The controversy relates to the value of the service and how it is to be measured. The libelant sought to establish a value of the Kiki in the condition in which she was at the time after the salvage had been rendered by proving her original cost at between $15,000 and $16,000, and what the cost of repairs would be to restore her to her original condition. The estimated cost of such repairs was $5,250.
The reproduction formula cannot be accepted as a measure of the value of the boat that was saved for the owner. Conceivably, reproduction cost might aid; but certainly the most direct means for making such determination is the market value.
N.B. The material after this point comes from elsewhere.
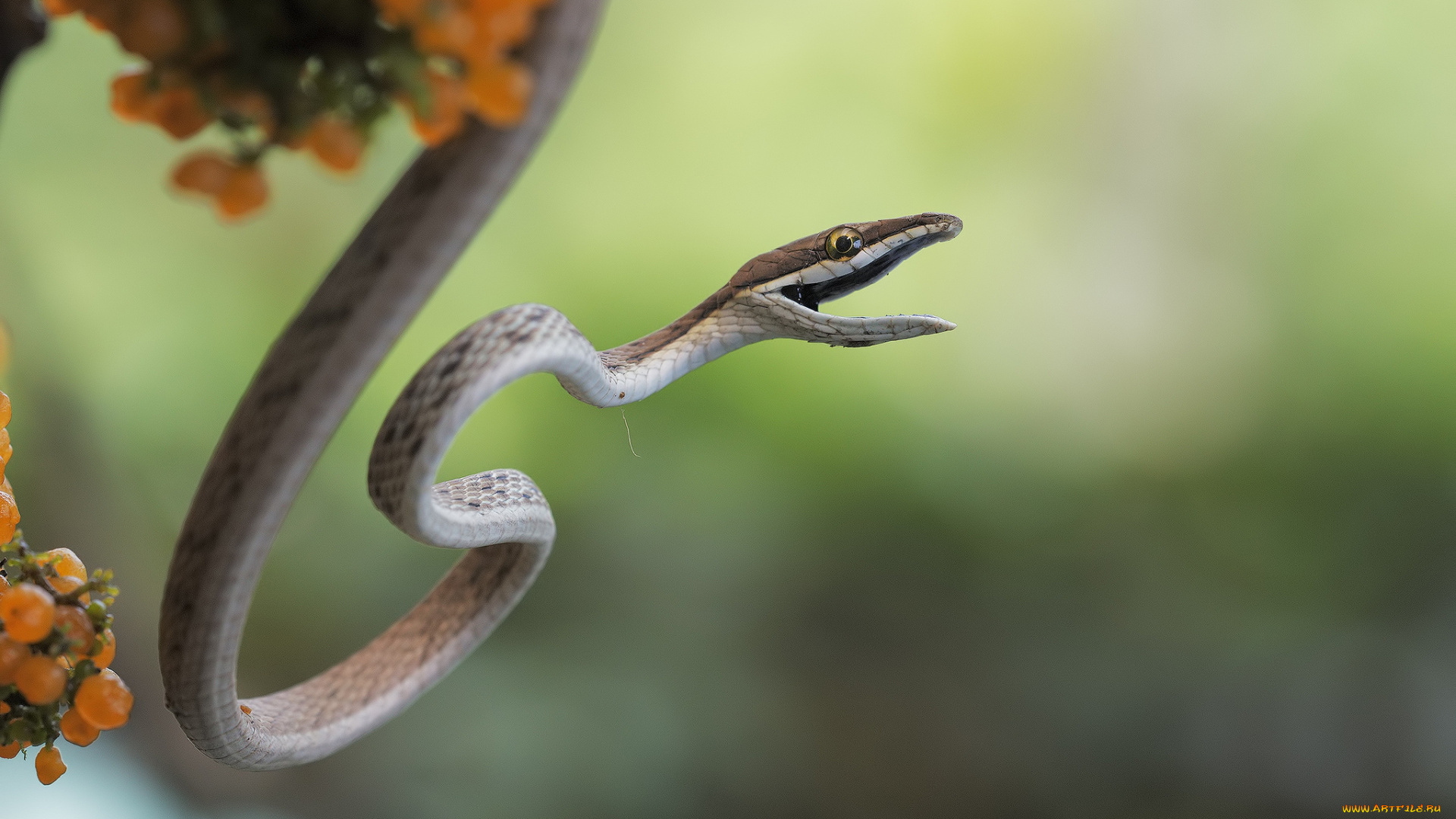 животные, змеи, , питоны, , кобры, змейка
The owner is willing to sell her for $500; and indeed this seems to be much more than a gesture, because he offers to transfer the yacht to the salvors. One cannot ignore the present market conditions as to high-speed motor pleasure boats; and certainly the market for a boat in the condition in which the photographs show this boat to be must be a very limited one indeed. One witness testifies that in his opinion it could not be sold for more than $250. Another of the respondent's witnesses places $500 as the highest conceivable value of the Kiki in her present condition.
On the other hand, one of the libelant's witnesses valued the motorboat at about $2,500, but failed to substantiate the valuation as based on market conditions. Indeed, Mr. Donnelly was not convincing. When asked by the court whether he knew of any actual sales of damaged boats of the class of the Kiki within the last year or so, he said that he did. The examination proceeded:
"Q. Can you name one or two? A. One, there was a 45-foot boat, the Deseo was run through and sunk by a rum runner down in Plum Gut late last fall, and the after half of the boat was damaged to a greater extent than this boat has been by fire. The boat's motors were totally submerged in shallow water. The boat has been fixed up by a boat-builder and was recently sold for $4,500.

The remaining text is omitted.